Principle of the WoVoGen framework for generating models for autonomous driving data sets

Infineon / Mitsubishi / Fuji / Semikron / Eupec / IXYS

Principle of the WoVoGen framework for generating models for autonomous driving data sets

Posted Date: 2024-01-27

1. Write in front

Generative models for autonomous driving data sets are very popular recently, mainly including NeRF and diffusion models. The difficulty of the diffusion model is to maintain worldwide consistency and consistency between sensors. Today, the author recommends to you an article about Fudan University’s latest open source solution WoVoGen, which can generate street videos based on vehicle control inputs and can also perform scene editing.

Let’s read about this work together~

2. Summary

Generating multi-camera street view videos is critical to increasing autonomous driving datasets, addressing the urgent need for extensive and diverse data. Due to diversity limitations and challenges in handling lighting conditions, traditional rendering-based methods are increasingly being replaced by diffusion-based methods.
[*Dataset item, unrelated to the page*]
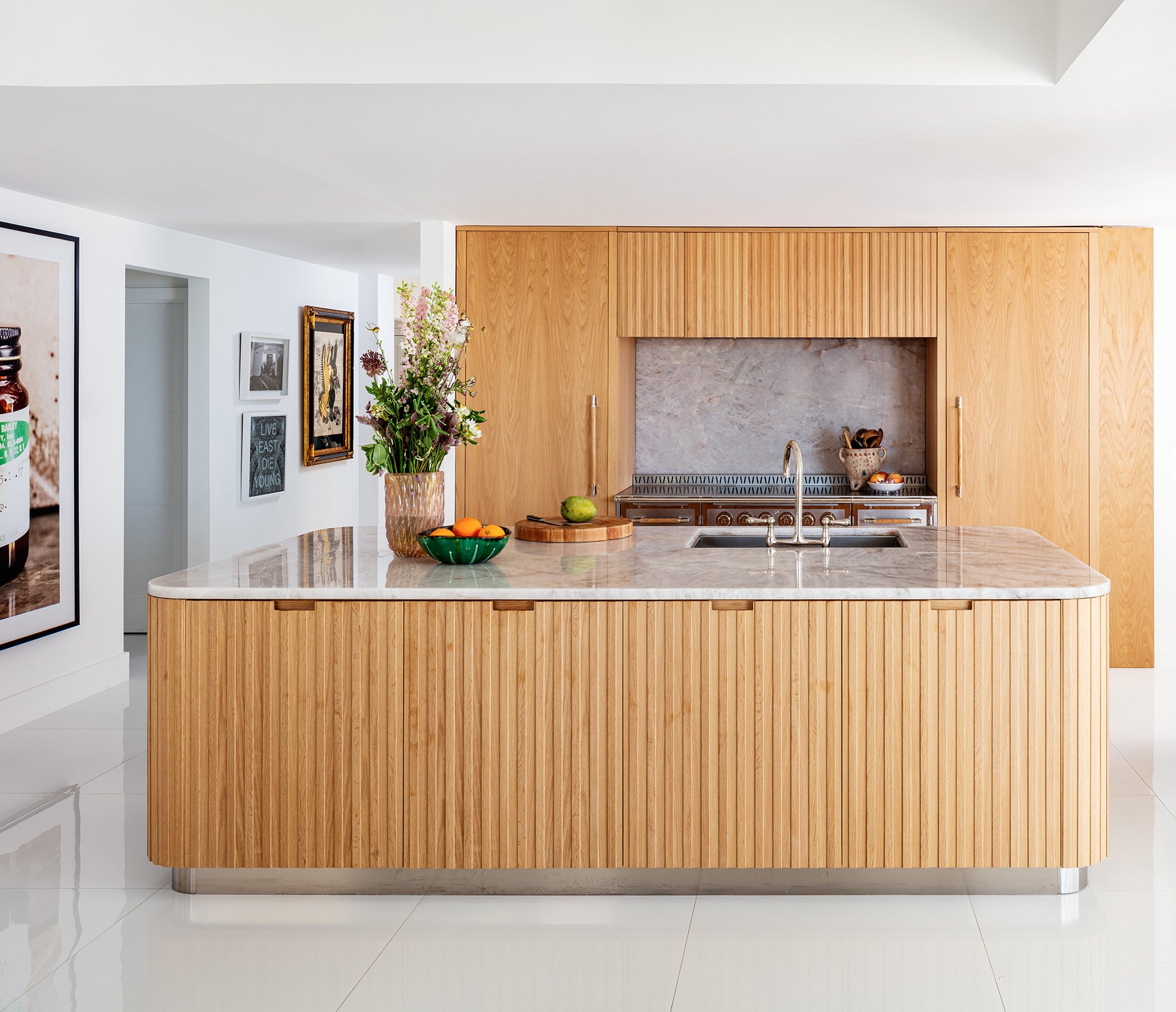 A bright, modern kitchen featuring a large central island with a rounded marble countertop and a striking fluted natural wood base. The island includes an integrated sink with a gooseneck faucet. The back wall features full-height natural wood cabinetry that conceals appliances, with a recess housing a range and a gray marble backsplash. The kitchen has glossy white floor tiles and a vase of flowers on the island.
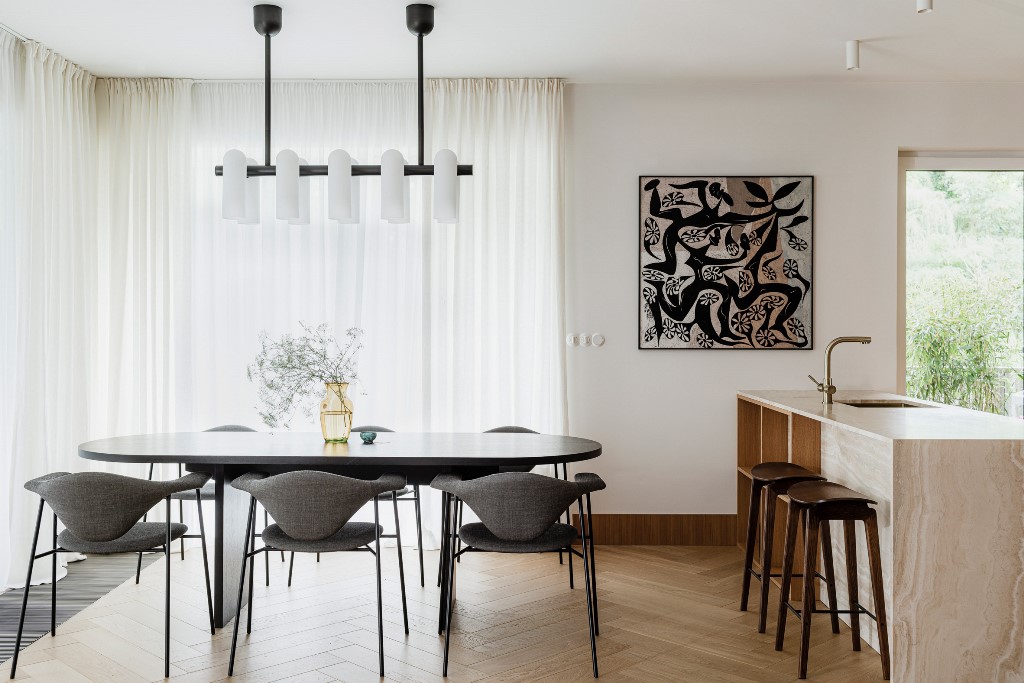 The kitchen and dining space are united into one layout, with chic furniture, quirky art and bold lamps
However, an important challenge of diffusion-based approaches is ensuring that the generated sensor data maintains both worldwide consistency and inter-sensor consistency. To address these challenges, we incorporate an additional explicit world voxel and propose a world voxel-aware multi-camera driven scene generator (Wovogen). This system is specifically designed to utilize 4D world voxels as the basic elements for video generation. Our model runs in two distinct stages: (i) envisioning a future 4D temporal world of voxels based on vehicle control sequences, (ii) generating multi-camera video from this envisioned 4D temporal world of voxels and sensor interconnectivity Knowledge. The addition of 4D world voxels enables WoVoGen not only to generate high-quality street view videos based on vehicle control inputs, but also to facilitate scene editing tasks.

3. Effect display

WoVoGen can predict the surrounding environment and generate reasonable visual feedback in response to the driving operation of the own vehicle. To leverage the capabilities of rapidly developing generative models, WoVoGen encodes structured traffic information into a regular grid framework, known as world voxels, and designs a new latent diffusion-based world model to perform the world regressively Voxel prediction.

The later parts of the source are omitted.